- Task data:

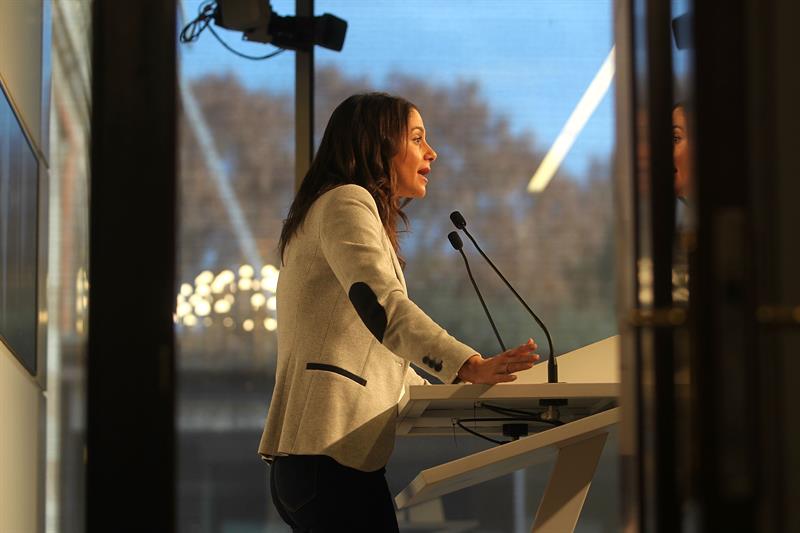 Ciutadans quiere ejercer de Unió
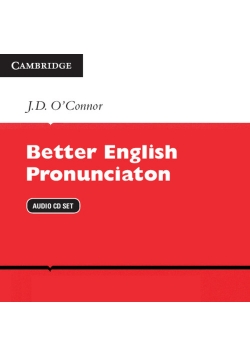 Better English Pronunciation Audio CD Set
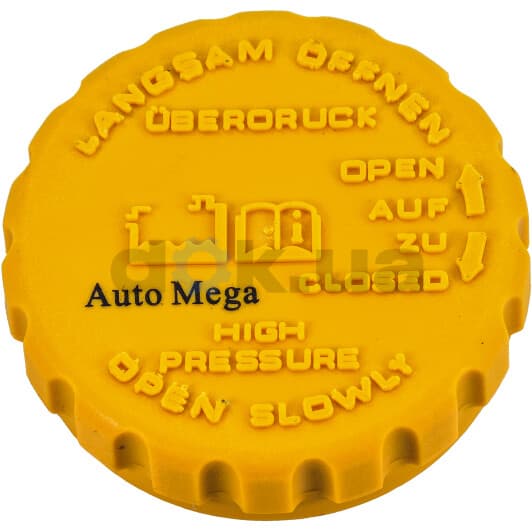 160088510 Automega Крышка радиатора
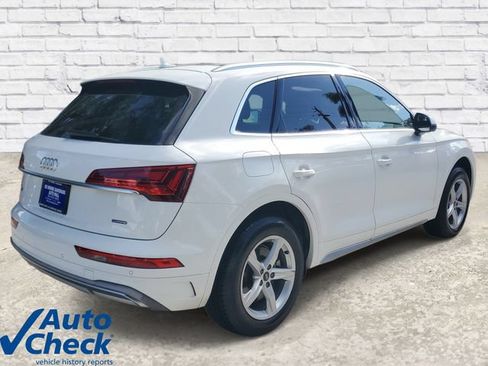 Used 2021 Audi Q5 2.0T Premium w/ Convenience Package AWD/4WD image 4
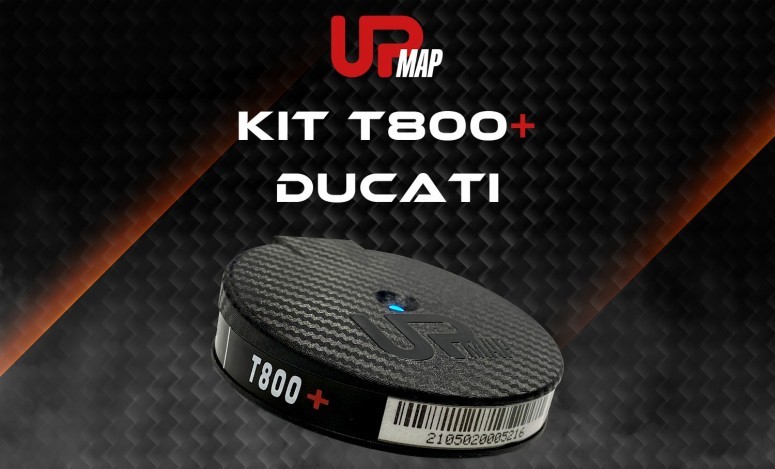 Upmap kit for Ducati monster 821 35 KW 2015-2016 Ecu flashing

* * *

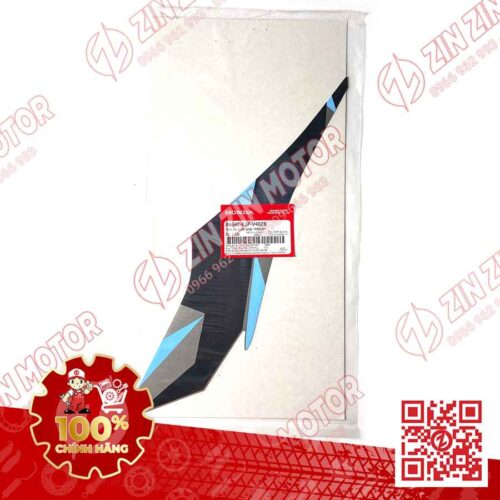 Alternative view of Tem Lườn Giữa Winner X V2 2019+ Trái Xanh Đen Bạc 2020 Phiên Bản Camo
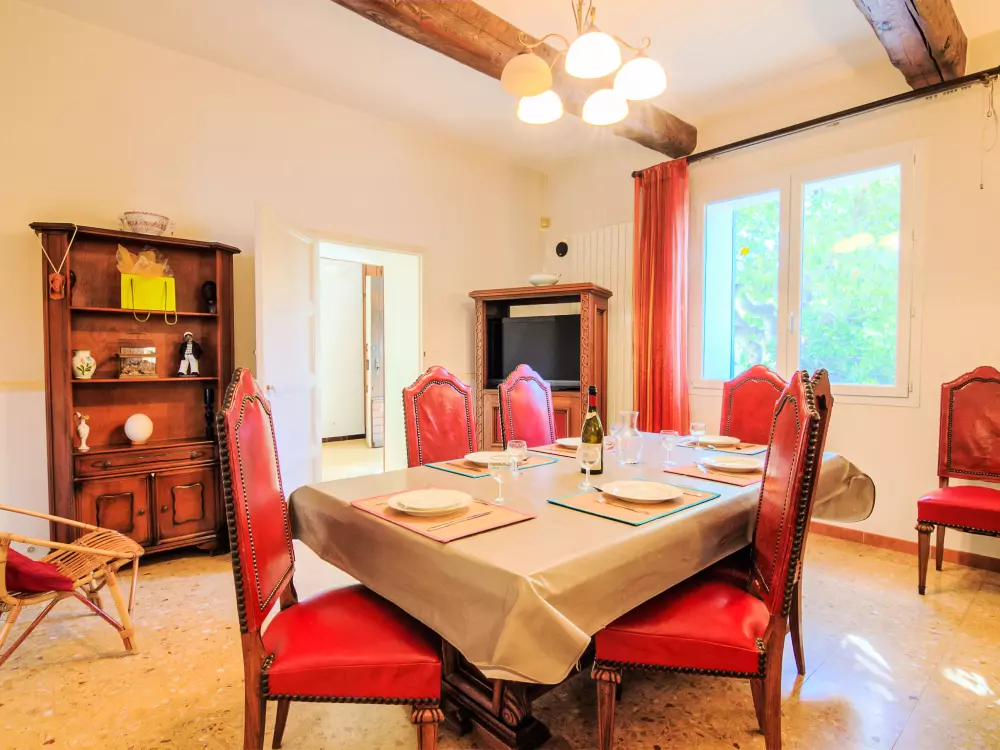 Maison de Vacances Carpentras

- About this task:
Both the line containing "160088510 Automega Крышка радиатора" and the line containing "Upmap kit for" above belong in the output, as do the lines between them. Print them exactly, without pictures.

- Expected output:
 160088510 Automega Крышка радиатора
 Used 2021 Audi Q5 2.0T Premium w/ Convenience Package AWD/4WD image 4
 Upmap kit for Ducati monster 821 35 KW 2015-2016 Ecu flashing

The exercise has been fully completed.